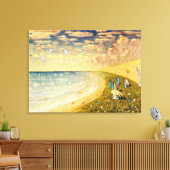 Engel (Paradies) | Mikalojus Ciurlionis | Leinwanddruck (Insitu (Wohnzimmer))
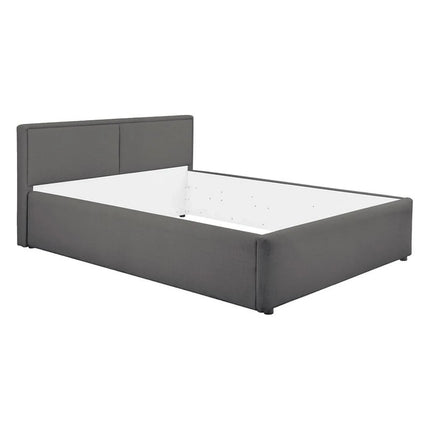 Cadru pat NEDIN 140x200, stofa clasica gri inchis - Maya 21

+ + + + + + +

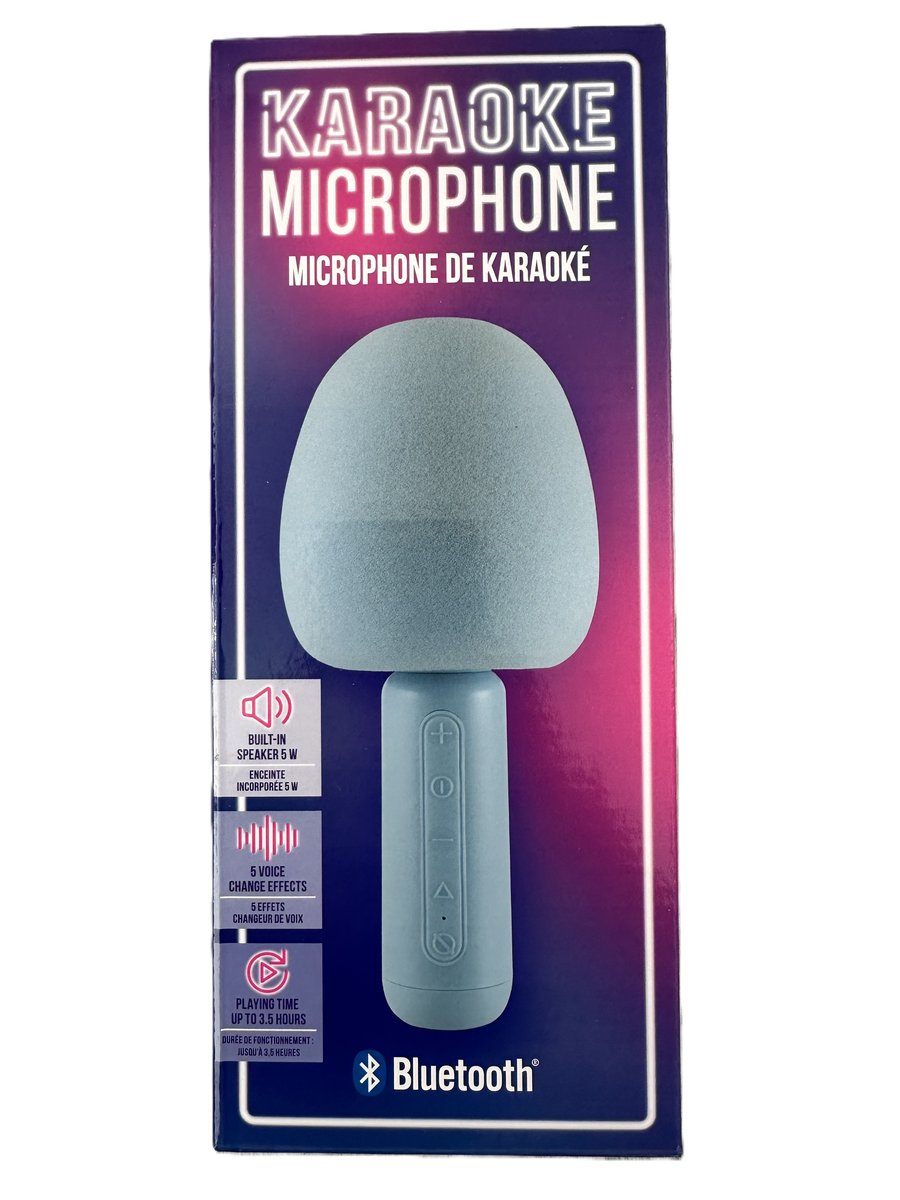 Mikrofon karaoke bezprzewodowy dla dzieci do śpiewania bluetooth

+ + + + + + +

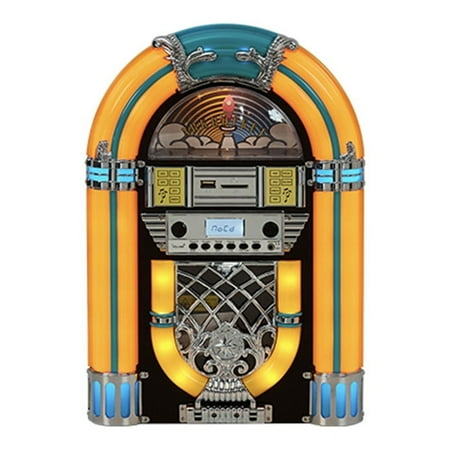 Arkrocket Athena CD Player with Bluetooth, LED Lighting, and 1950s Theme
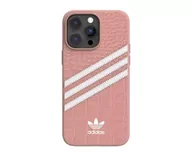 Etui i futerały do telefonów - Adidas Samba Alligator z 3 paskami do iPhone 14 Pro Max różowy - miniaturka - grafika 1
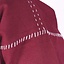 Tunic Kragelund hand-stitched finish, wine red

+ + + + + + +

Word for word, restate the lines above from the one with "Engel (Paradies) |" through the one with "Cadru pat NEDIN", keeping both ends and dropping the pictures.

 Engel (Paradies) | Mikalojus Ciurlionis | Leinwanddruck (Insitu (Wohnzimmer))
 Cadru pat NEDIN 140x200, stofa clasica gri inchis - Maya 21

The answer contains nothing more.